(DATA SECTION)
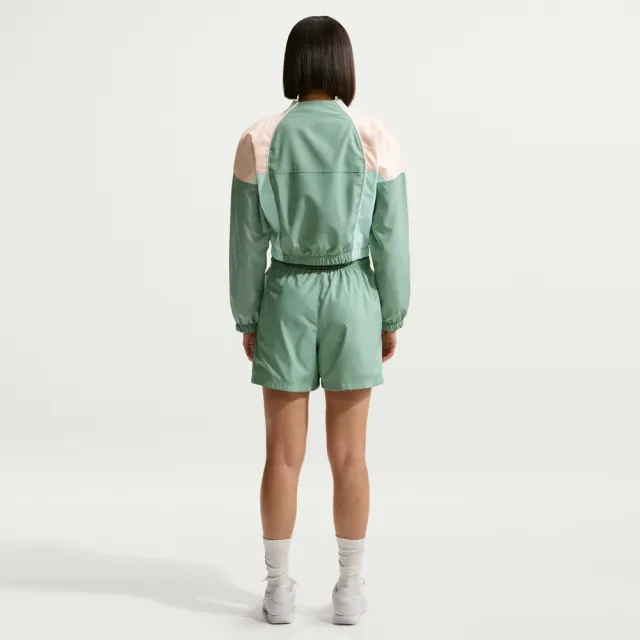 【NIKE 耐吉】短褲 女 運動褲 AS W NSW MR ESSNTL WVN SHORT 綠 FV7558-006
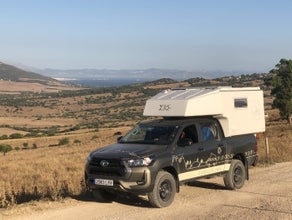 Toyota Hilux Camper 4x4 Celula Azalai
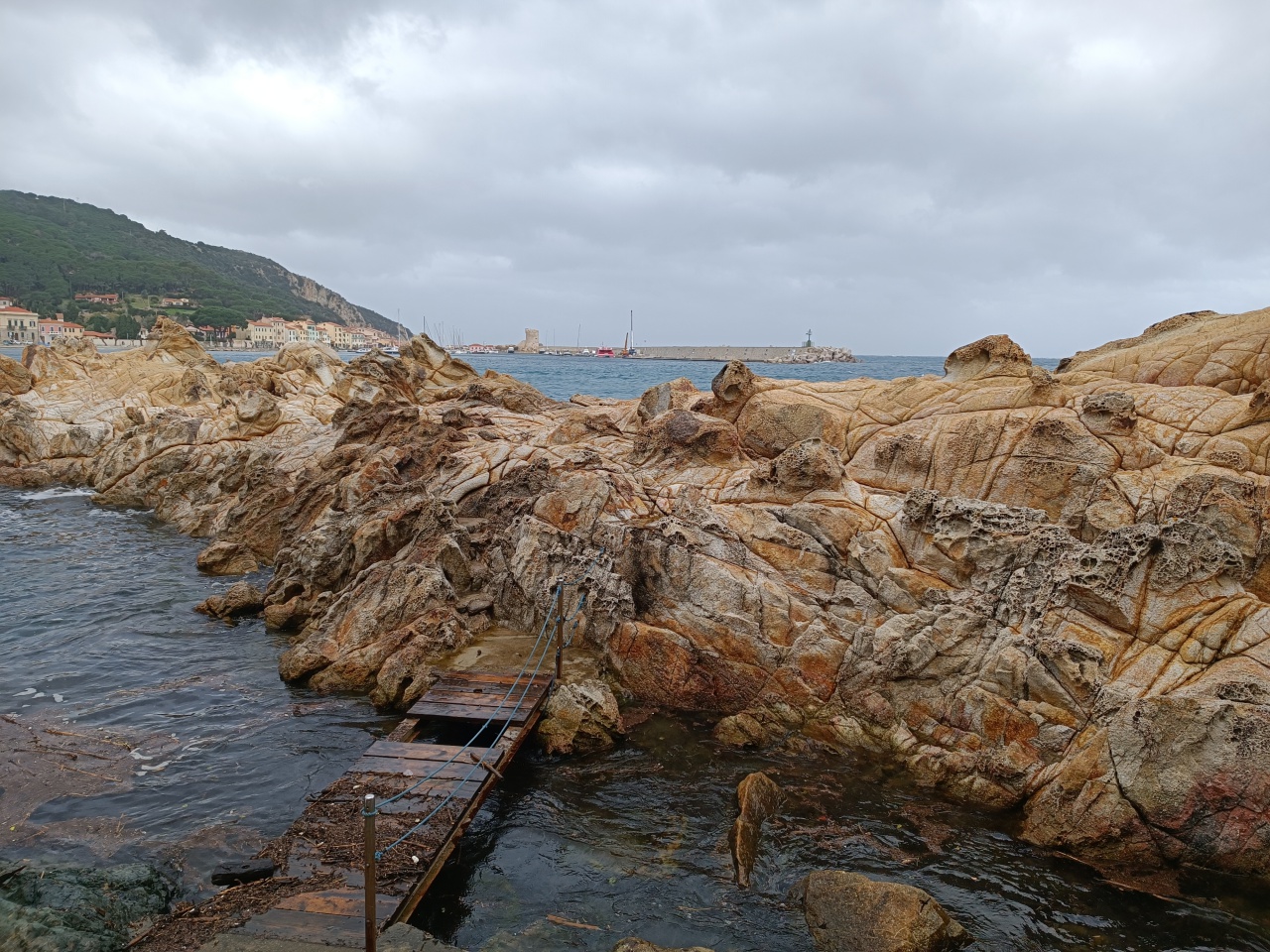 Casa indipendente con terrazzo a Marciana Marina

(WORK REQUEST)
An exact transcription is requested of each line from the one that holds "Toyota Hilux Camper 4x4 Celula Azalai" to the end of the listing above, both boundary lines included; pictures are to be omitted.

(ANSWER BELOW)
 Toyota Hilux Camper 4x4 Celula Azalai
 Casa indipendente con terrazzo a Marciana Marina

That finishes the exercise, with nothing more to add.